El empeño por lo bien hecho

Querido Miguel:

Te escribo para contarte una noticia, no por esperada menos dolorosa: la abuela Elena nos ha dejado.

En estos momentos tan dolorosos quiero dar gracias a Dios, a su Dios al que ella tanto quería por habérsela llevado a tiempo, justo cuando en plena lucidez, decidió que ya no merecía la pena seguir luchando.

Quiero dar las gracias a su Dios y a todos los Dioses que hicieron posible que pudierais disfrutar juntos de momentos entrañables durante casi dos años.

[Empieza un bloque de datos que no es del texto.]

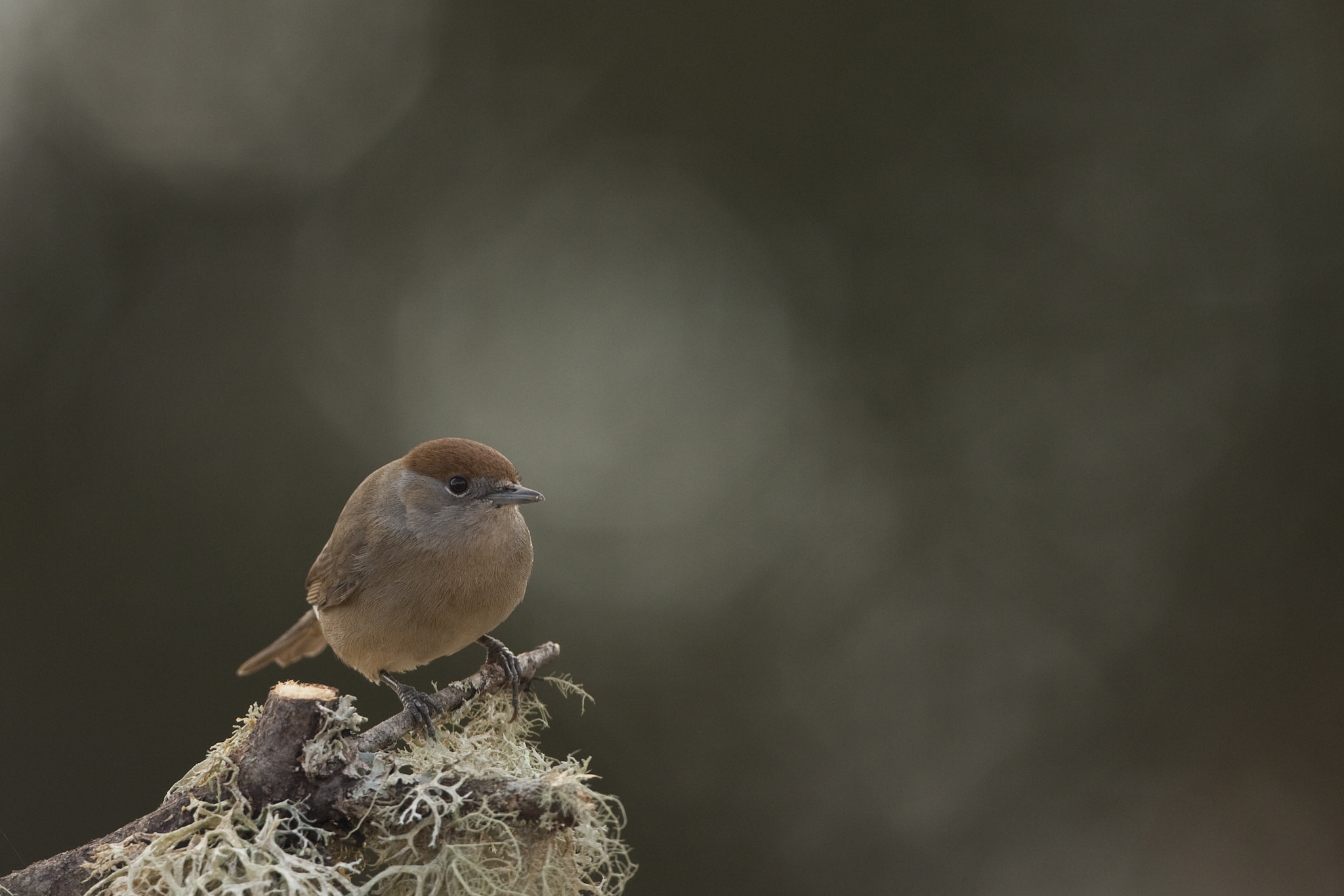 Canon EF 500mm F4L IS USM sample photo. Toutinegra photography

Gracias por permitirme tener el recuerdo de Miguel ayudando a la Abuela a llevar su muleta.

Quiero dar las gracias a Esperanza por el mimo y el cuidado con el que la ha cuidado desde que sus fuerzas comenzaron a fallar: no sabes la ternura que me envuelve cuando la pobre repite una y otra vez: discutíamos mucho, pero nos queríamos mucho.

Quiero dar las gracias a tu padre, porque desde su discreción, me ha apoyado en los duros momentos que acabamos de vivir y ha conseguido que tú no hayas notado la ausencia de tu madre.

Gracias a todos y cada uno de mis hermanos por estar al lado de la abuela. Gracias a la tía Cloti, porque superando sus miedos, ha sido el auténtico apoyo de la abuela en estos momentos. En el instante que llegaba a la habitación del hospital se dirigía a la cama de la abuela y le colocaba sus gafas, sus dientes, le ponía sus sonotomes y le pintaba los labios de color carmín como a ella le gustaba. La transformación era increíble, la abuela volvía a ser la abuela y eso a ella le ayudaba a sentirse mejor.

Gracias al tío Enrique porque con su presencia, sus palabras y caricias seguro que ha hecho más dulces los últimos momentos de la abuela.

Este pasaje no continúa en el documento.